ここまでの説明では、トップ直属のリーダーがメンバーの話を聴くことを前提にしましたが、より小さな規模のスタートアップでは、メンバー同士が互いに聴き合うことでもよいと思います。自社が目指す世界はどういうものなのか、それぞれが対話を繰り広げて、互いに支え、「大変だけどがんばろうね」と励まし合うということも、すごく効果のあることではないでしょうか。

仕組みとして「聴かれる」体験を作るには

スタートアップでは、創業者の強い思いをメンバーがその人なりに翻訳して共感し、理解する必要があります。それは1on1の場や組織の中で相互に聴き合い、それぞれが言葉にすることで担保されると思います。

私の知る、あるスタートアップでは、入社したときの歓迎の場で、長めの自己紹介をしてもらうそうです。
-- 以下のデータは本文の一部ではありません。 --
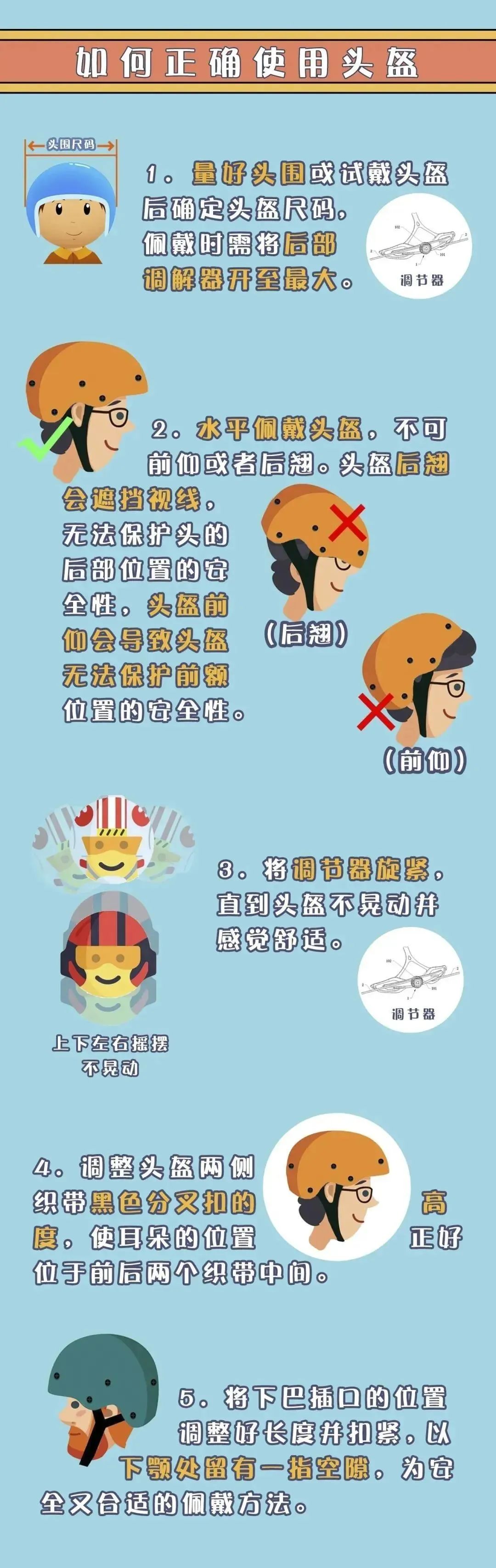 后脑着地的危险性,后脑勺着地为啥那么危险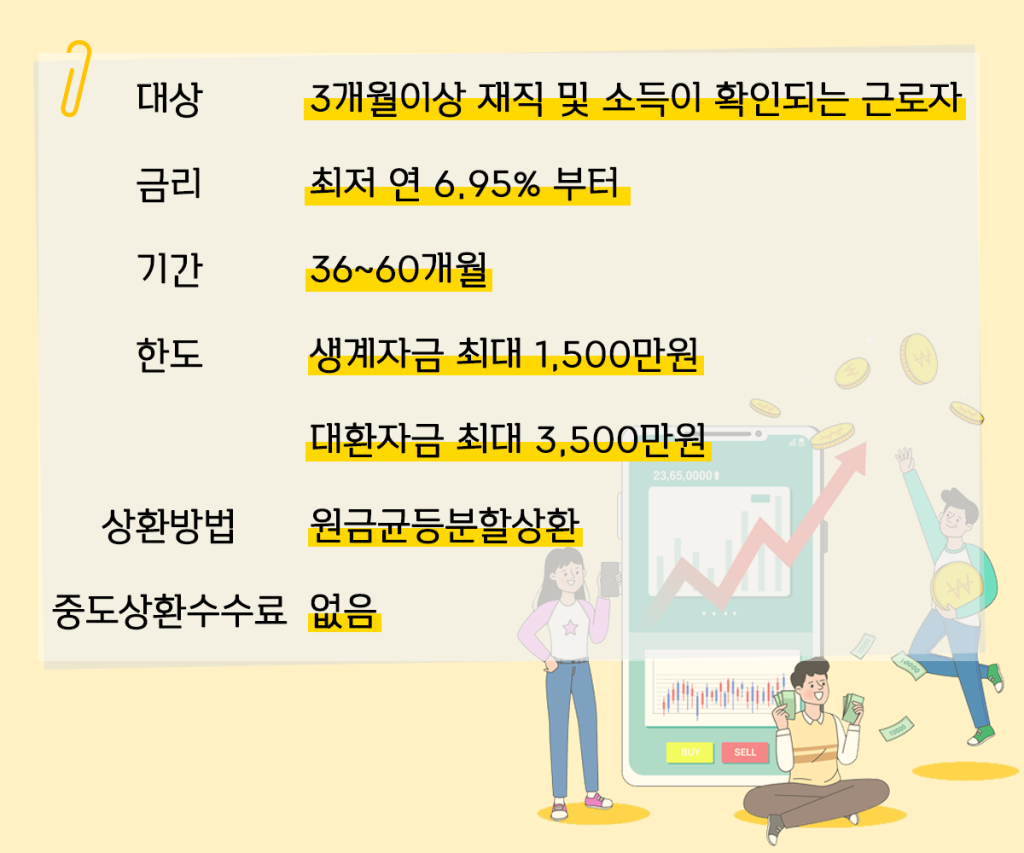 은행 창구에서 햇살론 대출 상담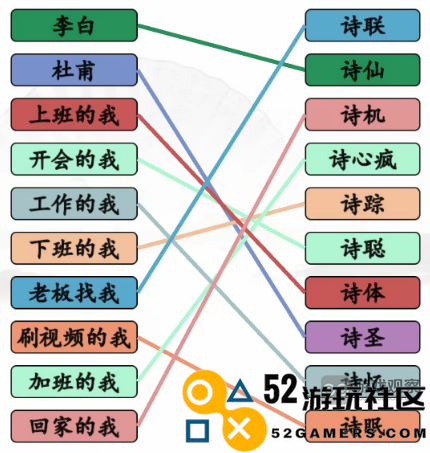 汉字找茬王全攻略：诗人连线玩法技巧与心得分享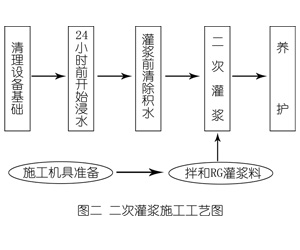 南陵灌浆料施工工艺—文字完整版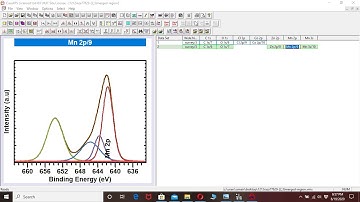 XPS peak fitting and Refinement with CasaXPS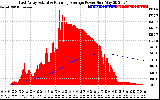 Solar PV/Inverter Performance East Array Actual & Running Average Power Output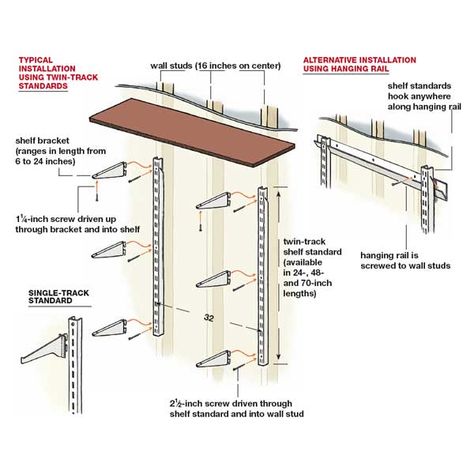 A step-by-step guide to installing adjustable storage shelves. Track Shelf, Track Shelving, Diy Trinkets, Shelves Brackets, Hollow Wall Anchors, Diy Dresser Makeover, Diy Bird Bath, Diy Accent Wall, Flat Panel Tv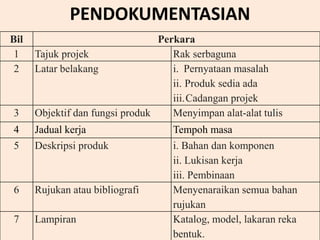 PENDOKUMENTASIAN
Bil Perkara
1 Tajuk projek Rak serbaguna
2 Latar belakang i. Pernyataan masalah
ii. Produk sedia ada
iii.Cadangan projek
3 Objektif dan fungsi produk Menyimpan alat-alat tulis
4 Jadual kerja Tempoh masa
5 Deskripsi produk i. Bahan dan komponen
ii. Lukisan kerja
iii. Pembinaan
6 Rujukan atau bibliografi Menyenaraikan semua bahan
rujukan
7 Lampiran Katalog, model, lakaran reka
bentuk.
いわば、その人のこれまでの人生について、全部語ってもらうというのです。自分がどういう歩みでこの会社まで来たのか、どのような経験からその会社のビジョンに共感するようになったのか、そういった話をまるまる15分から20分かけてする。すると、新しく入る人は自分の話をいったん全て、みんなに聴いてもらった状態でチームに入ることになります。これはスタートアップで、仕組みとして「聴かれる」体験を作る1つの例になるかと思います。

この会社では、入社時とは別に定期的にビジョンとミッションについて対話する機会も設けているそうです。そこで自分やほかの1人1人が、会社のビジョン、ミッションとつながり直す機会となるのです。こうした「じっくり聴いてもらう」体験と、自分と事業の思いとのつながりを確認する場があることは、特にスタートアップにとっては意味のあることではないでしょうか。